Еду, блин! Из-за какой-то кормежки стала свидетелем отвратной картины. Нет, не так, из-за желания сделать мне приятное.
– Миш, что мы будем делать дальше? – хотел поговорить? Вот и получай ожидаемый вопрос.
– Я не знаю, Маш. Но в одном я уверен точно: в ближайшее время тебе надо вернуться в город и самой прийти к отцу. Не надо на него сразу вываливать все. Он не примет наших отношений на данном этапе уж точно и дело не в твоем женихе. Тебе надо наладить контакт с родителем. Ты у него одна, понимаешь?
– И поэтому мне надо выполнять то, что он скажет?
– Нет. Черт… я уже ни хрена не понимаю, знает ли он о том, где ты находишься или нет, но в любом случае, тебе лучше прийти самой. Ты этим покажешь ему, что не боишься. Прятаться всю жизнь ты не сможешь. Ты хотела учиться готовить? Ну так скажи ему о своем желании пойти на кулинарные курсы или куда ты там решила. Прощупай почву. На что он после всего случившегося готов пойти. Не надо ему в лоб заявлять о том, что ты не будешь с ним жить, будешь плевать на его слова и связалась со мной. Это спровоцирует его на агрессию. Он из чувства протеста не позволит этого. Понимаешь?
– А если он мне ничего не позволит? То все? Ты вот так спокойно меня отпустишь?!
– Перед тем как ты к нему отправишься, мы продумаем этот момент.
– Продумаем – это что значит?
– Прицеплю тебе в заколку жучок, телефон как-нибудь спрячем. На это надо время. Понимаешь, почему лучше прийти к нему самой, а не быть пойманной где-нибудь?
– А ближайшее время это сколько? Можно хотя бы до конца января побыть тут?
– Не думаю, что это получится, но давай подумаем об этом завтра.

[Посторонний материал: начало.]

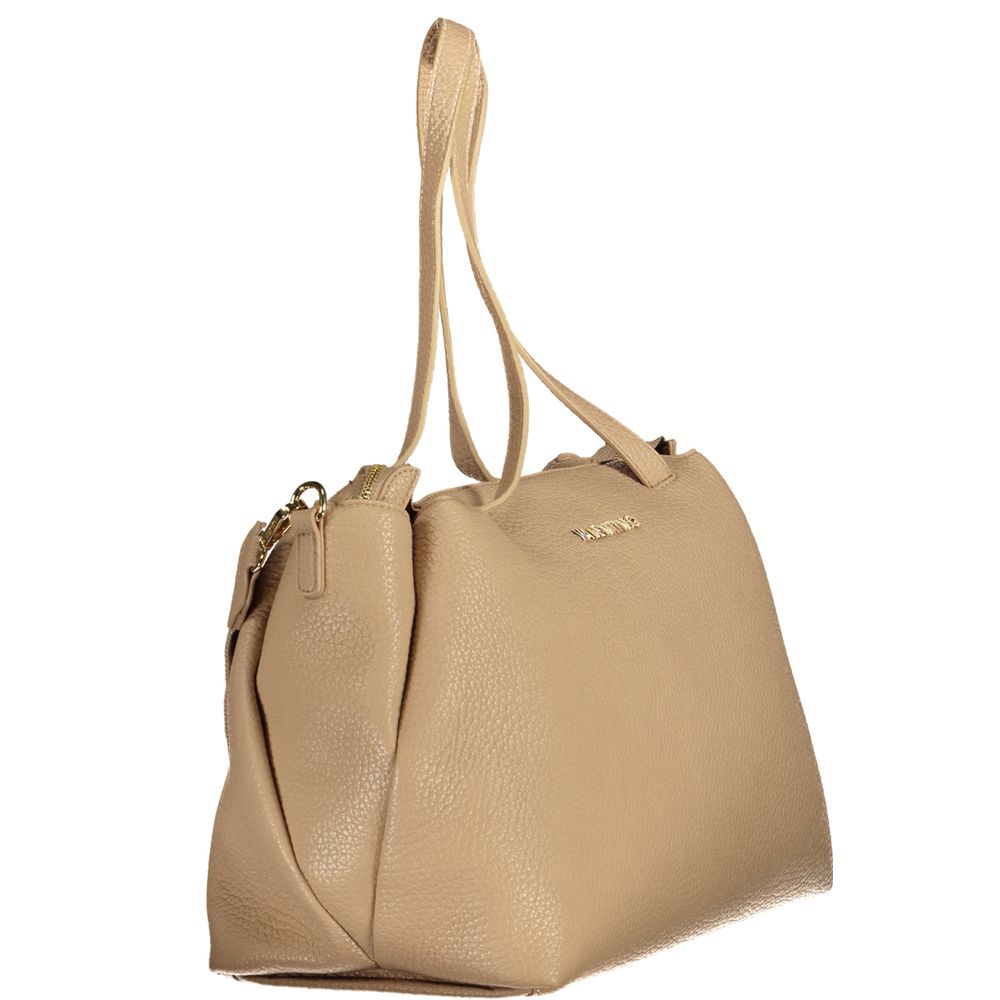 Mario Valentino Beige Polyurethane Women's Bag with Adjustable Shoulder Strap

Сначала мне надо пробить твоего дружка.
– Во-первых, он мне не дружок, во-вторых, можешь не тратить на него время, – усаживается на диване и резко дергает на себя покрывало. – Даже если, чисто теоретически, предположить, что кто-то тут за мной следит, это точно не Никита.
– Откуда такая уверенность?
– Да все просто, – встает с дивана, кутаясь в покрывало. – Папин человек не посмел бы пытаться напоить меня и целовать. А Никита себе это позволил, съел? Если хочешь, чтобы меня здесь не было, так прямо и скажи, не надо приплетать сюда Никиту! – какая-то секунда и Берсеньевой след простыл.
Даже не знаю, что больше взбесило. Тот факт, что Маша только что призналась, что сосалась с моднявым или то, что ушла после секса, как это обычно делал я с другими.
Где-то там, глубоко внутри, понимаю, что с ней надо помягче. Да хоть бы и соврать банальным «все будет хорошо». А не получается. Как я могу навешать ей лапши на уши, если происходящее зависит не только от меня?
Ладно. Можно и без лапши, но уж точно не вот так все оставлять. Как-то не раздумывая направился в ванную. Не все так плохо, раз дверь не закрыла. Хотела. Однозначно хотела, чтобы я пришел. Почему-то от этой мысли улыбаюсь, как дебил. Не мешкая открываю дверь душевой. Сложно. Очень сложно думать и извиняться, когда объект твоих, пока еще не озвученных, извинений стоит обнаженной и такой пиздец нереально красивой.
– Обиделась?
– Да.
– Обычно, когда «да», женщины говорят «нет», и с удовольствием выматывают нервы, а ты прям сразу «да». Режешь без ножа. И что мне теперь делать на твое «да»?
– Закрыть дверь в душевой. Ничего, что я тут как бы моюсь?!
– Ничего. Я тоже собирался.
– Что… что ты делаешь?! – очередную херню, что ж еще. Кое-как пролажу в душевую, тесня Машу.
– Ну, Миша, тут даже места нет!
Места тут реально – нет. Но, как там говорят, в тесноте, да не обиде.